La crise économique et ses effets sociaux

Le premier problème que l'on rencontre à propos de la crise économique française des années trente concerne la chronologie de son déclenchement. Contrairement à la thèse longtemps soutenue d'une crise qui n'aurait touché la France que tardivement, durant le second semestre de l'année 1931, des recherches récentes ont montré le caractère précoce du retournement de conjoncture dans l'Hexagone : dès 1928, la production textile, suivie en 1929 par les activités sidérurgique et automobile, amorce un repli ; le solde de la balance commerciale se dégrade à partir de 1928, tandis que les cours en Bourse fléchissent à partir de février 1929. Ces signes d'un ralentissement, attribué pour partie à la stabilisation du franc par Raymond Poincaré en 1928, qui aurait réduit l'avantage de change résultant de la dépréciation monétaire, restent toutefois invisibles : dans des secteurs traditionnels, tel le textile, activité en osmose avec le milieu rural, le sous-emploi peut être aisément absorbé par les tâches agricoles. En outre, les statistiques concernant les chômeurs ne seront élaborées qu'à partir de 1931. La propagation de la dépression, toutefois, n'intervient qu'à partir du troisième trimestre de 1931, en liaison avec la dévaluation de la livre sterling, le 21 septembre 1931, qui rend attractifs les produits étrangers et renchérit les exportations françaises. Tout indique que la crise s'accuse : le recul de la production industrielle, l'accroissement du nombre de chômeurs, la diminution du volume des échanges et le déficit extérieur, et, enfin, résultant de tout cela, le déficit budgétaire, qui devient chronique.

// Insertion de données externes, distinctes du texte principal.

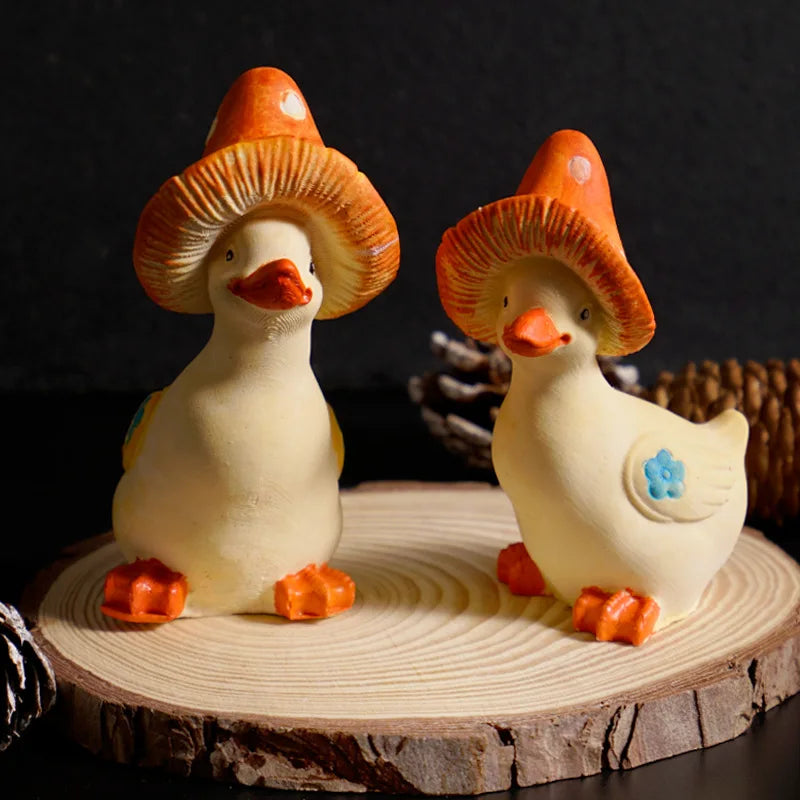 Mould Garden Decorative Plaster Ornament Mold Cartoon Mushroom Hat Duck Candle Irregular Display Stand Silicone Molds Hot Sale Oasis Select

Si la chronologie de l'entrée dans la crise reste un sujet de controverses, les historiens s'accordent sur la moindre ampleur du phénomène - plus limitée qu'ailleurs - et sur sa persistance exceptionnelle. Contrairement aux autres grands pays industriels, le recul de la production industrielle entre 1930 et 1935 n'a en effet pas dépassé 27 % ; le nombre de chômeurs, aux alentours d'un million, reste bien en deçà du chômage massif qui frappe les États-Unis et l'Allemagne. En outre, alors qu'à partir de 1933 des signes de reprise apparaissent dans d'autres pays, la France s'enfonce plus profondément dans la crise, et atteint le creux de la vague en 1935. Ces deux caractéristiques - moindre brutalité et prolongement de la crise - résultent de la faiblesse des structures de l'économie française (dont les entreprises, de taille réduite, sont moins intégrées au échanges internationaux et moins dépendantes du crédit) mais aussi de la politique adoptée par les gouvernements successifs. Ceux-ci recourent en effet au protectionnisme autant pour assurer la survie d'un appareil productif menacé que pour maintenir un équilibre social fondé sur la prédominance d'une classe moyenne indépendante de petits et moyens producteurs : à partir de 1931, un système de contingentements limite la quantité de produits importables. Pour freiner la baisse des prix, l'État encourage un certain malthusianisme, en incitant, par exemple, les agriculteurs à dénaturer une partie de la production de vin ou de sucre (distillations), ou en poussant les producteurs industriels à conclure des accords de cartellisation. Si ces mesures parviennent à ralentir le mouvement des faillites, elles figent les situations acquises et freinent l'investissement : l'effet immédiat de la crise est amorti, mais l'avenir est obéré et la fin des difficultés, retardée.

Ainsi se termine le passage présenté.